(写真はすべて宮沢洋撮影)

(宮沢 洋:BUNGA NET編集長、編集者、画文家)

 Office Bungaの事務所のある東京・池袋駅周辺の良質な建築や挑戦的な建築を紹介していきたい。最初に取り上げるのは、池袋西口から徒歩5分(我々の事務所からは徒歩1分)、駅前通りと立教通りの分かれ道に立つ「池袋二又(ふたまた)交番」だ。

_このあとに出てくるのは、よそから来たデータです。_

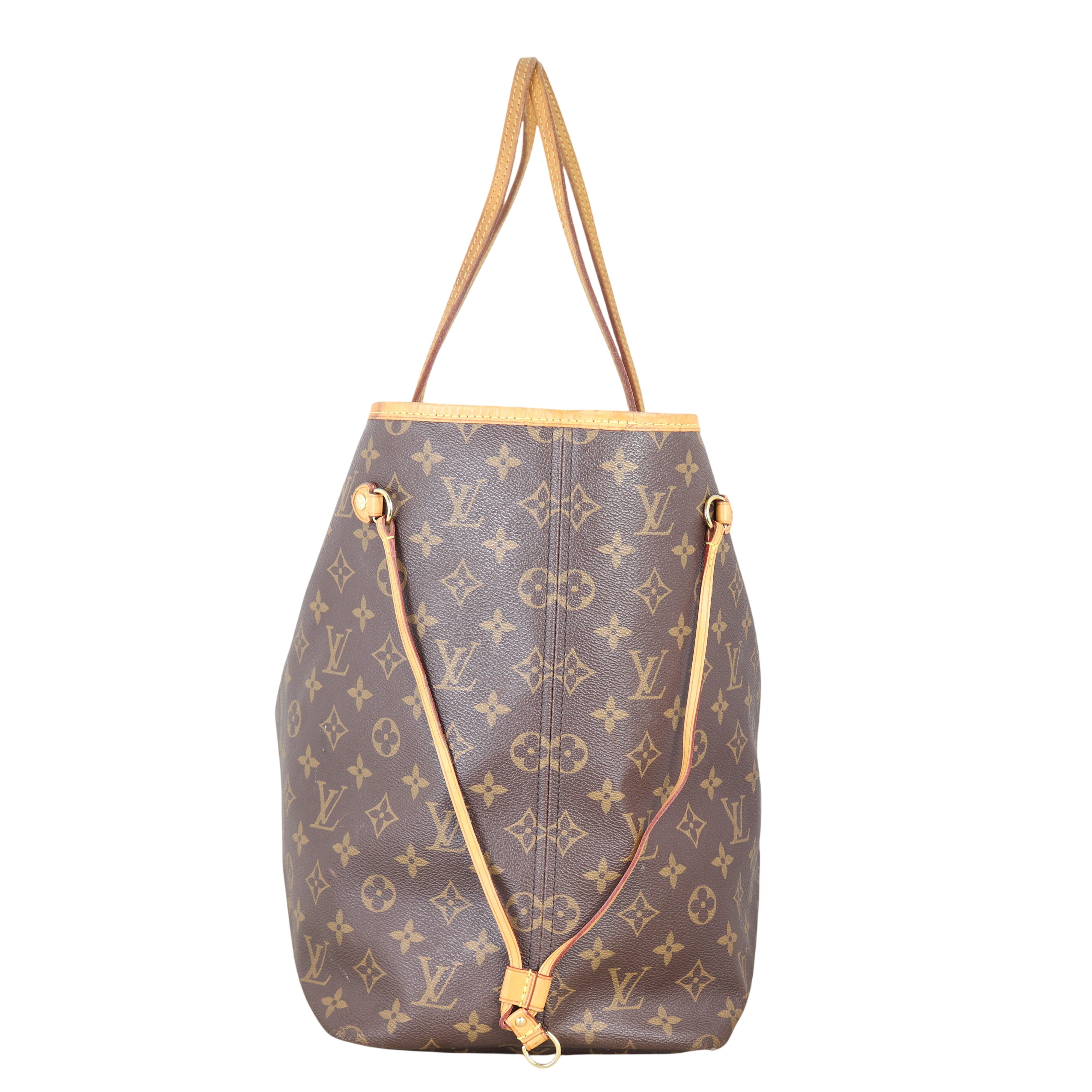 Louis Vuitton Neverfull GM Monogram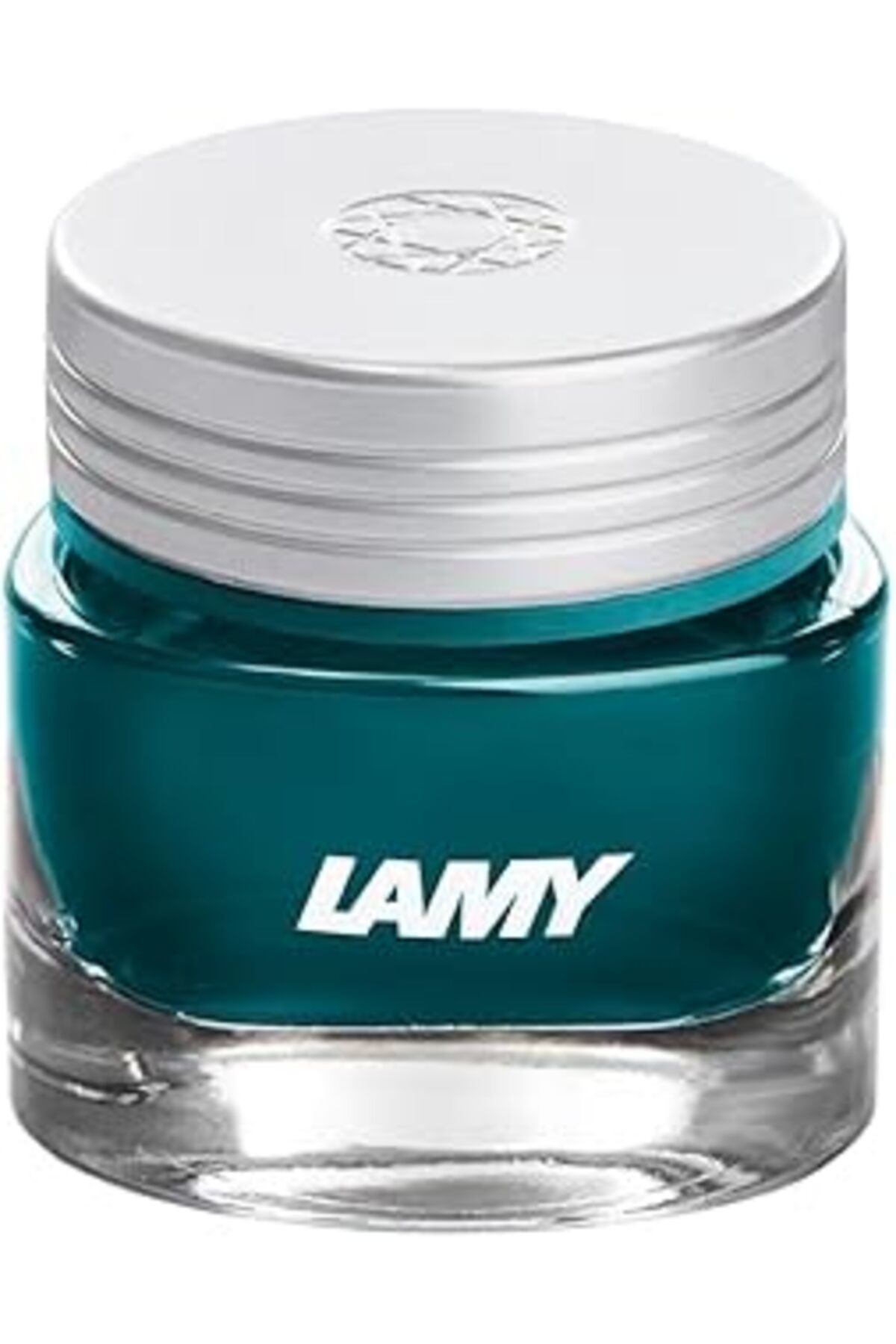 robotrend Lamy T53-470 Crystal T53 Şişe Mürekkep Amazonite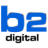 Logo B2DIGITAL INC. DL-,0001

 1980年代から90年代初頭にかけて展開された東京都の文化デザイン事業、通称「デザイン交番」の1つとして1992年に完成した。デザイン交番は、「町のシンボル」となる交番づくりを目指す事業で、第一線の建築家を起用して20以上の交番が建設された。有名なものには、黒川哲郎+デザインリーグによる「上野警察署動物園前交番」(1990年竣工)や、妹島和世による「調布駅北口交番」(1994年竣工、2008年に解体)などがある。

二又交番の設計者は林賢次郎

 池袋二又交番の設計を担当したのは林賢次郎。1942年生まれで、丹下健三・都市・建築設計事務所を経て、80年に林賢次郎・建築設計事務所を設立した。住宅や中規模のオフィスビルなどに佳作が多い。この交番以前に公共建築の実績はなかったが、東京都設計候補者選定委員会の推薦で設計者に抜擢された。

 地元のひいき目もあるとは思うが、同時期に建設されたデザイン交番の中で、個人的には一番いいと思う。

 円柱から切り取った3つの形をくっつけた単純な造形ながら、見る方向や時刻によって多様な見え方をする。曲面ガラスの出入り口は、交番独特の閉鎖感を軽減している。